PROVIDED MATERIAL ::
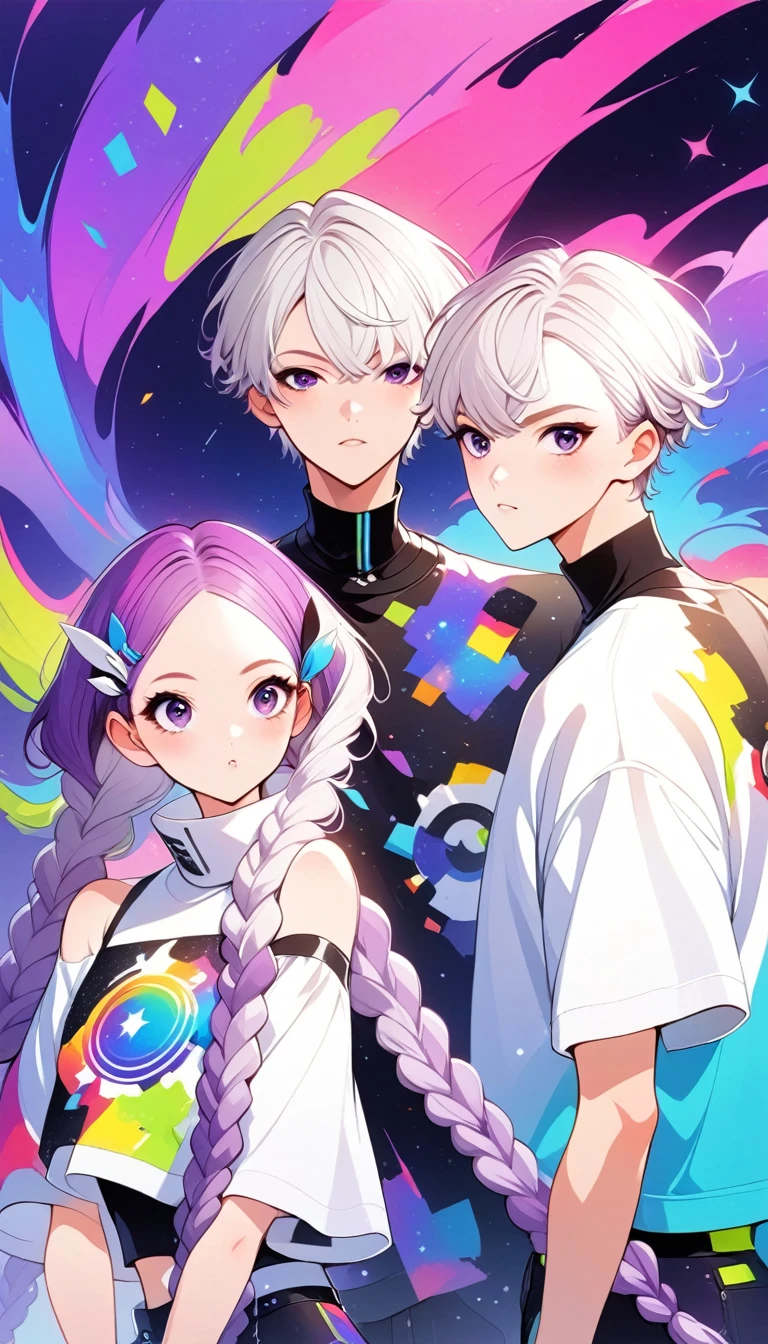 graphic design,Vector Art,Smooth lines,Simple style,Funny couple poster design:Break,Boys short hair white,Girl white hair purple Hair accessories long braids,Hair accessories,High collar off-shoulder short sleeves,Galaxy theme,(fashion design),(Vibrant colors)(Vibrant colors),(((Leave the top blank,text &References;rich and colorful")))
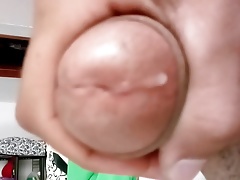 Cum oozing out of cock for one entire minute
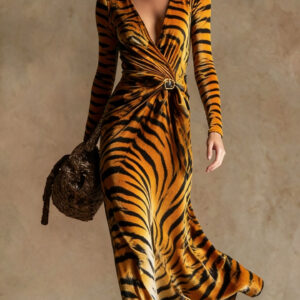 3D Geometric Line Pattern V-Neck Long-Sleeve Womens Dress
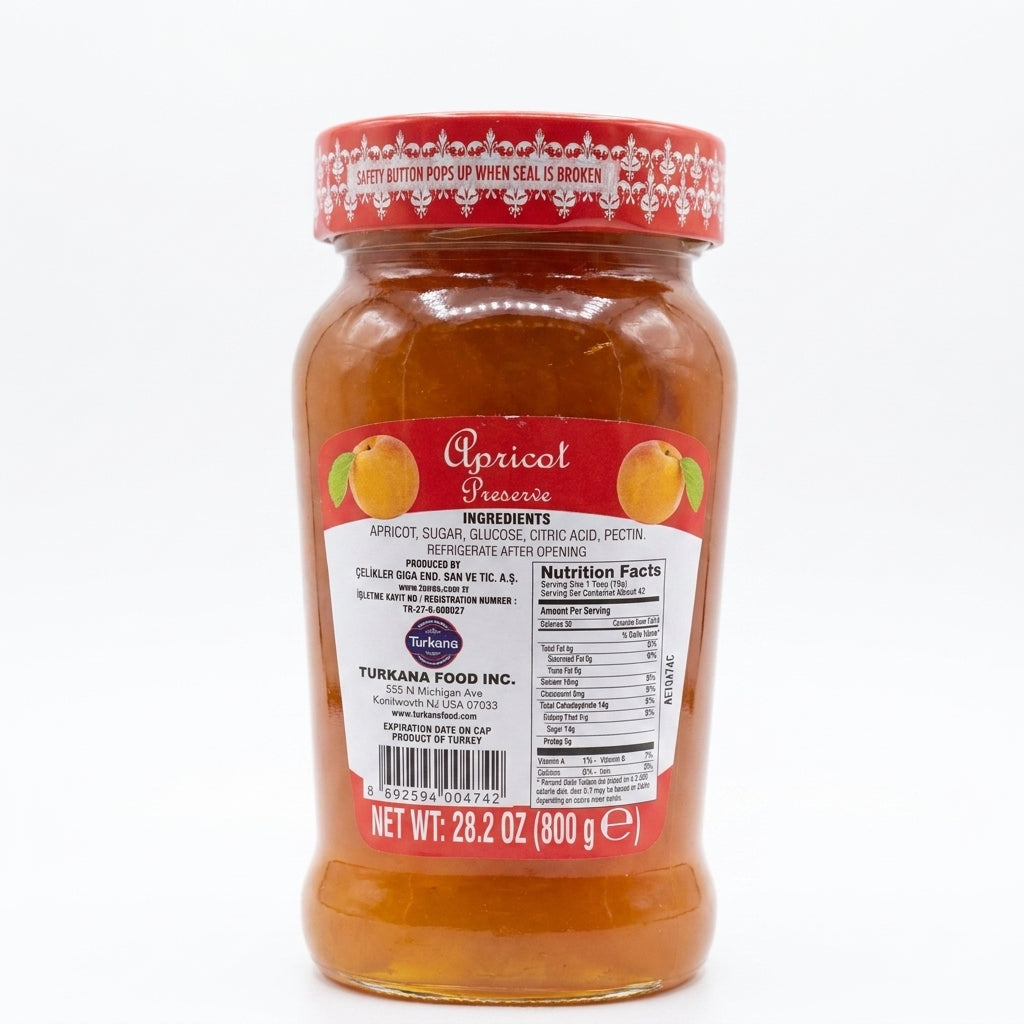 Tunas Apricot Preserve 28.2 oz - Premium Turkish Fruit Spread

ASSIGNMENT :: Copy all of the material word for word, and include none of its pictures.

SOLUTION TO THIS EXERCISE ::
 graphic design,Vector Art,Smooth lines,Simple style,Funny couple poster design:Break,Boys short hair white,Girl white hair purple Hair accessories long braids,Hair accessories,High collar off-shoulder short sleeves,Galaxy theme,(fashion design),(Vibrant colors)(Vibrant colors),(((Leave the top blank,text &References;rich and colorful")))
 Cum oozing out of cock for one entire minute
 3D Geometric Line Pattern V-Neck Long-Sleeve Womens Dress
 Tunas Apricot Preserve 28.2 oz - Premium Turkish Fruit Spread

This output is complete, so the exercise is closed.